When do­ing the ground ex­er­cises, make sure your horse lis­tens to your voice com­mands and stands qui­etly when you say “whoa” and “stop.” Your horse should will­ingly walk out of the halt and trot will­ingly out of the walk if you ask and come back to ei­ther walk or halt. The horse must learn to fol­low your voice com­mands and body lan­guage. Horses usu­ally mimic what the han­dler does as they fol­low your in­ten­tions. This kind of work will gen­er­ally im­prove the re­la­tion­ship with your horse as he learns to lis­ten to you as a ground per­son, not just a rider.

Once you have com­pleted some of these ground ex­er­cises, lead your horse to the mount­ing block and say, “whoa,” or “stand.” Horses rec­og­nize both your tone of voice and words. Have your horse stand next to the mount­ing block and make it a pleas­ant place to be as long as he stands. If your horse is food-mo­ti­vated, use treats to re­ward good be­hav­ior and cre­ate a pleas­ant ex­pe­ri­ence for standing and mount­ing.

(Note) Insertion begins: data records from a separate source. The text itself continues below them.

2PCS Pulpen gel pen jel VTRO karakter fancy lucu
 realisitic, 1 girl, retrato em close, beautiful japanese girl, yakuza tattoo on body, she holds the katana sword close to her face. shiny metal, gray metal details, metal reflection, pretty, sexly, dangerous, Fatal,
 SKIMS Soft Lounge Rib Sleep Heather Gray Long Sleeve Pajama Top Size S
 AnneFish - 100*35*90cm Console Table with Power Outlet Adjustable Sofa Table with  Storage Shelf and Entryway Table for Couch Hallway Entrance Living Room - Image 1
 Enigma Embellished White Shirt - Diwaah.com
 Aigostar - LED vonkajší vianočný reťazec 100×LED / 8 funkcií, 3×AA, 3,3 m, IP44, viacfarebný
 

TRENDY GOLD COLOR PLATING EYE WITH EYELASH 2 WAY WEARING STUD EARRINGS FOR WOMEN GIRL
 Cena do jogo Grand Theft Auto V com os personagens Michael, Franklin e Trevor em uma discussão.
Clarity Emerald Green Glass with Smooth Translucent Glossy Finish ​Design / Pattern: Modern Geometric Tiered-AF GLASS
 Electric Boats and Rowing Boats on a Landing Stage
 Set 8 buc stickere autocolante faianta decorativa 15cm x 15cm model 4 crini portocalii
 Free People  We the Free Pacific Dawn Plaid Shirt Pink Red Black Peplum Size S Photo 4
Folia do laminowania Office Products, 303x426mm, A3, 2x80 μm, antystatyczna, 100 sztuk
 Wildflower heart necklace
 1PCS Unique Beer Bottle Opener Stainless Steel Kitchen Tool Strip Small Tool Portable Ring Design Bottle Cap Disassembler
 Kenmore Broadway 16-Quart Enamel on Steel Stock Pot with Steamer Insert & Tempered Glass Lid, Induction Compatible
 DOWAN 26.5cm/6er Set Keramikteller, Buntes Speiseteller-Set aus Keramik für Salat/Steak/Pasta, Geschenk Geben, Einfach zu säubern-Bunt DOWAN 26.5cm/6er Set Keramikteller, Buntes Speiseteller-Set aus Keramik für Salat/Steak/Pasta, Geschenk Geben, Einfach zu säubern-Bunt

When your horse stands qui­etly at the mount­ing block, step onto the block. When he stands as you do this, step down from the block. Re­ward him ei­ther with praise, a treat or a pat ev­ery time he stands. Re­peat a cou­ple of times or as many times as you need un­til he stands as you are step­ping onto the block. When he con­sis­tently stands as you step onto the block, you can add mount­ing as the next step.

Some horses swing away from the mount­ing block as you step on it. If your horse does this, ei­ther step down from the block and straighten him or try to tap him lightly with the whip on his hindquar­ters to en­cour­age him to move back to­ward the block.

Once your horse stands and does not move when you step onto the block, swing your leg over his back and mount. Make sure to sit down lightly to en­sure a pleas­ant ex­pe­ri­ence for him. Next, dis­mount and re­peat sev­eral times. Make sure to re­ward him ev­ery time the mount­ing goes well.

Many horses get into the habit of walk­ing off as the rider is mount­ing be­cause the rider isn’t clear and con­sis­tent enough in her ap­proach and ex­pec­ta­tions. With young horses, we some­times let them walk off be­cause they are not yet com­fort­able with weight on their backs. Re­mem­ber, how­ever, that re­gard­less of your horse’s age, learn­ing to stand while mount­ing is a cru­cial part in his train­ing. If you are con­sis­tent with your ap­proach and act clearly and use re­ward and cor­rec­tion, your horse will learn to stand when you mount.

Hav­ing your horse stand to be mounted is an im­por­tant train­ing op­por­tu­nity as it en­sures that you are able to mount your horse safely.